The applicative aspects of these research activities are carried out at the Systems and Control Laboratory, founded in 1995. Members of the Nonlinear Systems and Control group have been actively serving in the control community in technical committees and as associate editors for the major journals in the area and conference editorial boards as for both IEEE CSS, IFAC and EUCA.

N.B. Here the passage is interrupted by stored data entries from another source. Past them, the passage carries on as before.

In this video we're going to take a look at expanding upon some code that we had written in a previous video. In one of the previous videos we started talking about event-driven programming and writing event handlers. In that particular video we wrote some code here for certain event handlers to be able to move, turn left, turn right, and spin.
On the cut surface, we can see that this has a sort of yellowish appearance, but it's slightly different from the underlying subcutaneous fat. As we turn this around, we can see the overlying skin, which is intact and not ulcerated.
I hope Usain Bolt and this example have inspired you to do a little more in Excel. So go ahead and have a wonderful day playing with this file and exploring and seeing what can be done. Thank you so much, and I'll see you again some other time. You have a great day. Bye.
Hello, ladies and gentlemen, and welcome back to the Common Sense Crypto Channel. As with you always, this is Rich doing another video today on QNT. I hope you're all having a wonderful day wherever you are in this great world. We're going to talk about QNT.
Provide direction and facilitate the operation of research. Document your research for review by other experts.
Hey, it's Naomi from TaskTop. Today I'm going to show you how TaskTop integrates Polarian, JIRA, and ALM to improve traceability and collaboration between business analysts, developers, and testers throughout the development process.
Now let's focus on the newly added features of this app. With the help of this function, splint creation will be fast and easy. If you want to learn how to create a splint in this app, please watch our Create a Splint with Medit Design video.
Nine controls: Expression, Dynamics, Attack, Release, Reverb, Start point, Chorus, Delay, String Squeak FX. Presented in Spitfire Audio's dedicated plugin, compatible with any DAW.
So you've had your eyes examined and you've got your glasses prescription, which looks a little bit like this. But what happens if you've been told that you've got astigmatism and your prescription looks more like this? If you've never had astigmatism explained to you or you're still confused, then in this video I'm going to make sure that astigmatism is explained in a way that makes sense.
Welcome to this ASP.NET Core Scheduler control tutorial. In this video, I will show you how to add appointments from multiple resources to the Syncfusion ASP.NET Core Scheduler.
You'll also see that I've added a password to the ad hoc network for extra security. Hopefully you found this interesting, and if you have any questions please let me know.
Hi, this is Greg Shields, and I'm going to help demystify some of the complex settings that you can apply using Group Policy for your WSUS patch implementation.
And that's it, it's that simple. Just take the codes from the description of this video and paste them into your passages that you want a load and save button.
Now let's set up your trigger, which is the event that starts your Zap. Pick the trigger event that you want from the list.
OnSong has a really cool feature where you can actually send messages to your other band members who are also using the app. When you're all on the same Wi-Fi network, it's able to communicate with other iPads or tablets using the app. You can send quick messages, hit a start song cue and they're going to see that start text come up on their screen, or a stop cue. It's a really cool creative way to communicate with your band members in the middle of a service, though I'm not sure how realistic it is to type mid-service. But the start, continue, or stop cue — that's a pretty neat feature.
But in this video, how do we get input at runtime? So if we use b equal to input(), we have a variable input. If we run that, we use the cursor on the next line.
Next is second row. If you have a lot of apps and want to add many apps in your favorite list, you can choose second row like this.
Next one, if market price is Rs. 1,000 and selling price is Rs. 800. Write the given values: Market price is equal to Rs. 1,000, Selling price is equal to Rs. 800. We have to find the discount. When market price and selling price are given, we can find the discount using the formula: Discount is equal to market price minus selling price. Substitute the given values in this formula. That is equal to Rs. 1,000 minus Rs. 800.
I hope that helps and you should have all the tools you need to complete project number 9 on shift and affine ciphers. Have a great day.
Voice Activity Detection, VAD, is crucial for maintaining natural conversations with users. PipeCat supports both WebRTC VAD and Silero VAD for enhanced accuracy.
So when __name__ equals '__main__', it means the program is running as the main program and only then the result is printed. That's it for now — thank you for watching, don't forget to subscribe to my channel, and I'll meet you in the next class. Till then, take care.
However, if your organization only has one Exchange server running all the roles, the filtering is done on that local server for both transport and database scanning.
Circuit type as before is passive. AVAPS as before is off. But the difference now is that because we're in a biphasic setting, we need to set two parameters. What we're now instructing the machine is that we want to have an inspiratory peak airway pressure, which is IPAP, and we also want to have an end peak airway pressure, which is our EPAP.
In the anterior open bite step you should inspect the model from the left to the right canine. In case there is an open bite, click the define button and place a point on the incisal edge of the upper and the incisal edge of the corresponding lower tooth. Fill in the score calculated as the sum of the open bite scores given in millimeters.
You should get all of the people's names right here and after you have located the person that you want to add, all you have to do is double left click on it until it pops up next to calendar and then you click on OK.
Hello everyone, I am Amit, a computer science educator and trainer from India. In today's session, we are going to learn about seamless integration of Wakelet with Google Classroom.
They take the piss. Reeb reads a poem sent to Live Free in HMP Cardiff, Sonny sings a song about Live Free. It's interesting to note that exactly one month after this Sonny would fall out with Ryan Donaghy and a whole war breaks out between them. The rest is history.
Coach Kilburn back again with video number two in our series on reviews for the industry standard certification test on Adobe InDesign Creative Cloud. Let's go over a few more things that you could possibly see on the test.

The research activities, as testified by the scientific production, are developed in collaboration with several national and international institutes as the Laboratoire des Signaux et Systèmes (CNRS, Gif sur Yvette), IRCCyN (CNRS, Nantes), Fondazione Santa Lucia , Cosync Lab (Sapienza University of Rome) and the company BrainTrends, Istituto di Analisi dei Sistemi e Informatica (IASI- CNR) for the modeling, analysis and control of epidemiological models, Universidade do Porto, Centro di Sistemi di Elaborazione e Bio-Informatica (Campus Biomedico), McKelvey School of Engineering (Washington University of St. Louis). Those collaborations also encourage international research training and orientation, with PhD double degrees delivering, in the context of an ad hoc binational program ELISA, which involves Italian and French Institutions.